START Data supplied
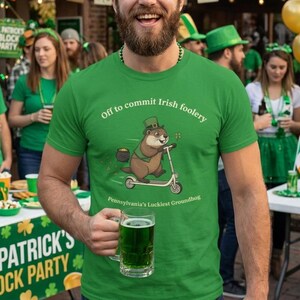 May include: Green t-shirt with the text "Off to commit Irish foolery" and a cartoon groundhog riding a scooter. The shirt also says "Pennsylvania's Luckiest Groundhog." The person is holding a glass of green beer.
END Data supplied
START Data supplied
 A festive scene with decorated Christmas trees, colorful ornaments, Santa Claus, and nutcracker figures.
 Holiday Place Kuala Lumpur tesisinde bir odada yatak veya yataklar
END Data supplied
START Data supplied
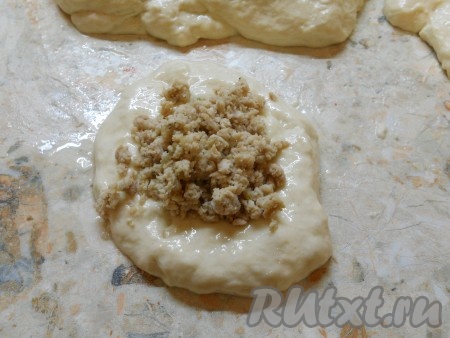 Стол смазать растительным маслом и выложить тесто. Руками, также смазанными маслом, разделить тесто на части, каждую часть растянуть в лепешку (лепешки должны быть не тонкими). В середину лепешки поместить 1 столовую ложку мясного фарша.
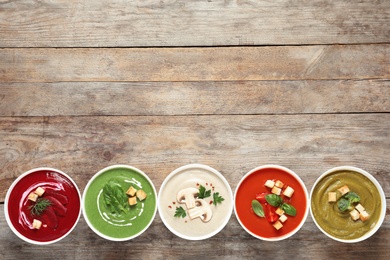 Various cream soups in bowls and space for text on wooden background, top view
END Data supplied
Go down the entries above from the line containing "Стол смазать растительным" to the line containing "Various cream soups" and write out each line exactly, leaving pictures out.

 Стол смазать растительным маслом и выложить тесто. Руками, также смазанными маслом, разделить тесто на части, каждую часть растянуть в лепешку (лепешки должны быть не тонкими). В середину лепешки поместить 1 столовую ложку мясного фарша.
 Various cream soups in bowls and space for text on wooden background, top view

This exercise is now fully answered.